Scan the records below for the line containing "Libro Tácticas de" and the line containing "Zbritjet më të". Copy both, plus every line between, exactly.

(SOURCE DATA Opens)

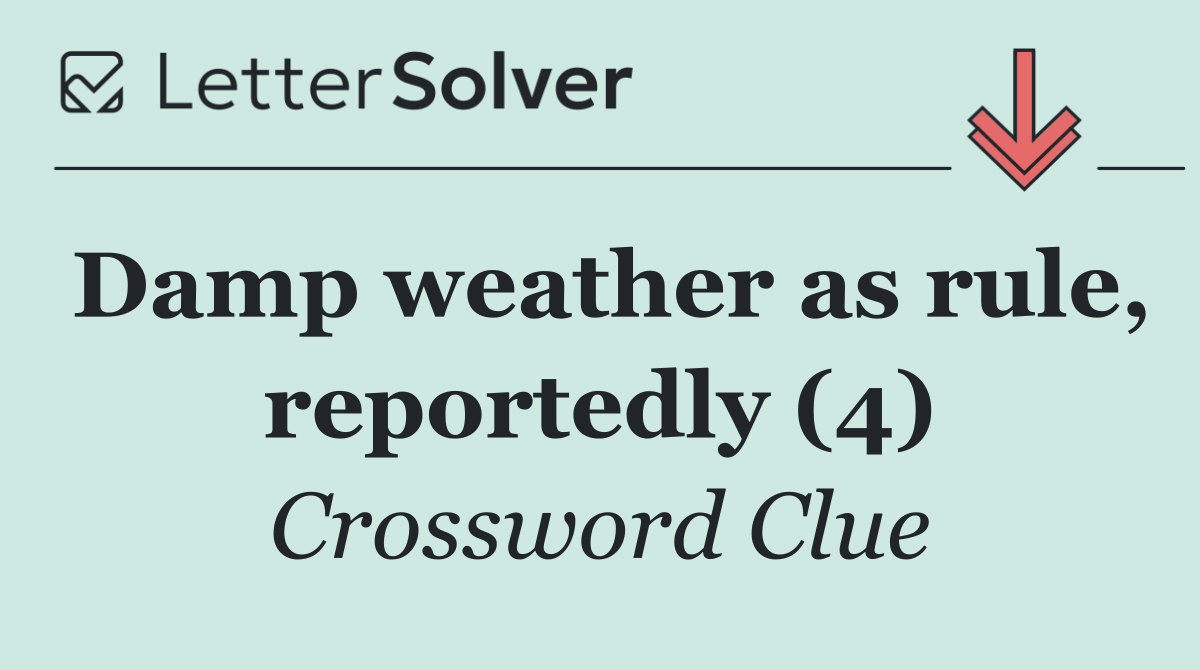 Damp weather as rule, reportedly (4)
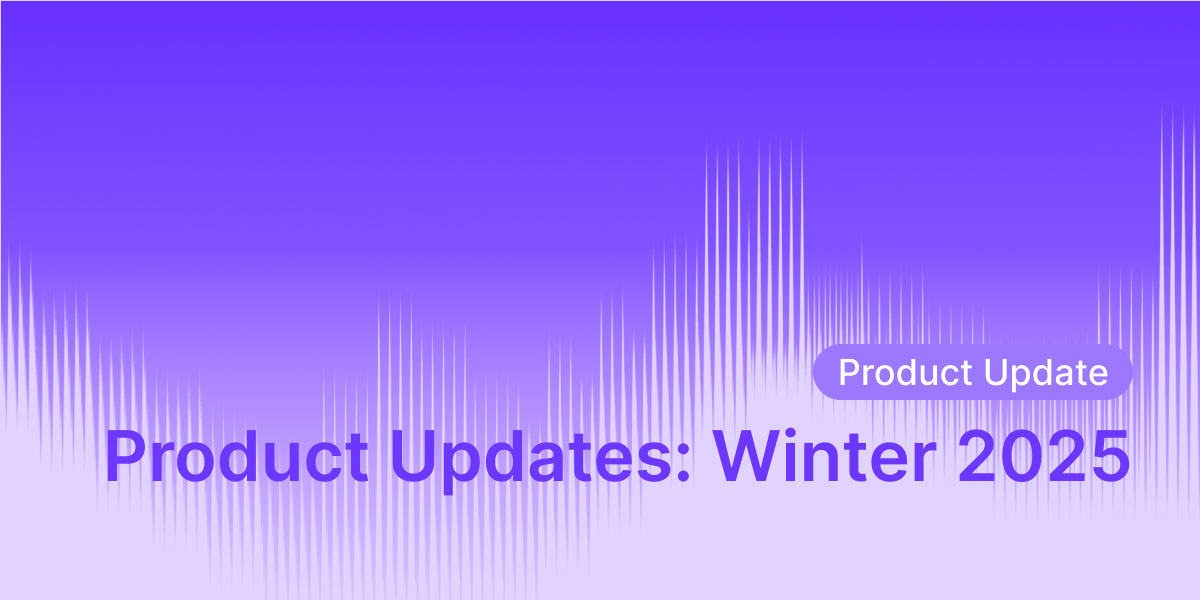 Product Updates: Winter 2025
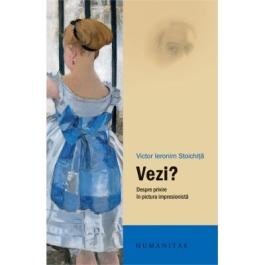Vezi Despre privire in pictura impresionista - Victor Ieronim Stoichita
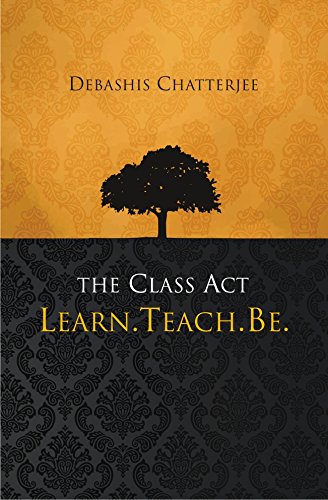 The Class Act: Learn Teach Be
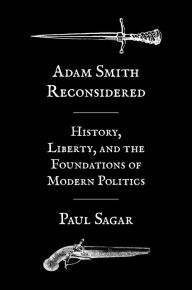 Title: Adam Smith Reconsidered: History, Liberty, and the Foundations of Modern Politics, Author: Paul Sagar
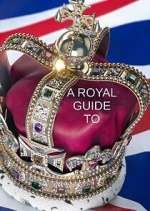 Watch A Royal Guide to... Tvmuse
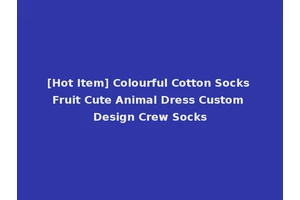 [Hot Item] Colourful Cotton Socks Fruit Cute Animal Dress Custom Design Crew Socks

(SOURCE DATA Closes)
(SOURCE DATA Opens)

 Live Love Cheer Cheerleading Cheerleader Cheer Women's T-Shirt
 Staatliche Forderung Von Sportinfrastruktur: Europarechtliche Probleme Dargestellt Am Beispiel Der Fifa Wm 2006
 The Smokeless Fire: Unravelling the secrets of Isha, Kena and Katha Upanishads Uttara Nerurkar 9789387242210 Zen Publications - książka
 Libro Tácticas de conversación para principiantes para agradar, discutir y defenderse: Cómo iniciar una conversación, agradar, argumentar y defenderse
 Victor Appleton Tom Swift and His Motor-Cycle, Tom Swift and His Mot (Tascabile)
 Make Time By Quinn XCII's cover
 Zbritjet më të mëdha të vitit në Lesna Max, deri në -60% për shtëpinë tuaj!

(SOURCE DATA Closes)
(SOURCE DATA Opens)

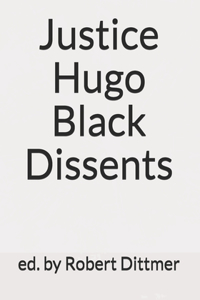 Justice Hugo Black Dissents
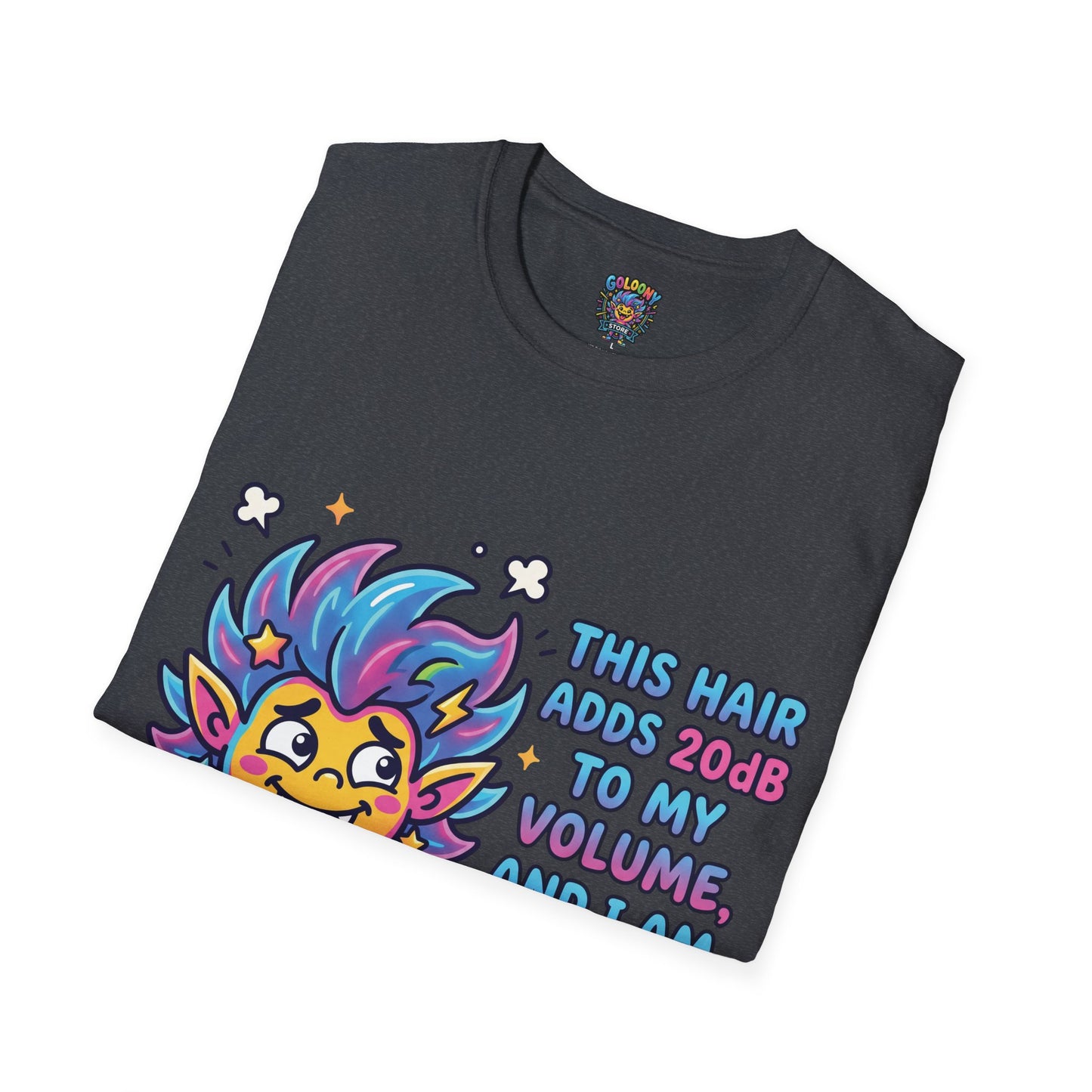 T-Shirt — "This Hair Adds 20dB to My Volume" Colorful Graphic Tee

(SOURCE DATA Closes)

- _EXPECTED ANSWER_
 Libro Tácticas de conversación para principiantes para agradar, discutir y defenderse: Cómo iniciar una conversación, agradar, argumentar y defenderse
 Victor Appleton Tom Swift and His Motor-Cycle, Tom Swift and His Mot (Tascabile)
 Make Time By Quinn XCII's cover
 Zbritjet më të mëdha të vitit në Lesna Max, deri në -60% për shtëpinë tuaj!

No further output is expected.